A previsão foi confirmada em nota conjunta dos ministérios das Comunicações, da Gestão e Inovação em Serviços Públicos e do Planejamento e Orçamento. O valor está vinculado a um empréstimo de R$ 12 bilhões contraído pelos Correios com cinco bancos em dezembro de 2025, operação que contou com garantia do Tesouro Nacional.
O contrato estabelece que a União deve injetar ao menos R$ 6 bilhões para apoiar o plano de reequilíbrio da empresa até o fim de 2027. Caso o aporte não ocorra, as instituições credoras podem exigir o vencimento antecipado da dívida, obrigando a União a quitar os R$ 12 bilhões e os encargos previstos.
A decisão ocorre após os Correios registrarem prejuízo líquido de R$ 2,4 bilhões no segundo trimestre de 2026. No acumulado de janeiro a junho, o resultado negativo foi de R$ 5,5 bilhões, valor 30,4% superior ao mesmo período do ano anterior, apesar de a receita do semestre somar R$ 7,9 bilhões.
Para conter a crise financeira, a estatal implementou um programa de demissão voluntária que desligou 6.545 empregados.

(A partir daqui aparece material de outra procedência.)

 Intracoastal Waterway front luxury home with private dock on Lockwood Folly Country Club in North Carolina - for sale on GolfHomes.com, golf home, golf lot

Outras medidas incluem a venda de imóveis ociosos, renegociação de contratos e a criação de um marketplace próprio. No primeiro semestre, as despesas operacionais somaram R$ 7,6 bilhões, 14% abaixo do previsto no orçamento.
O governo informou que a empresa quitou operações onerosas e ampliou o prazo de parte da dívida de 18 para 180 meses. Atualmente, os Correios negociam uma nova operação de crédito de aproximadamente R$ 7 bilhões, também com aval da União.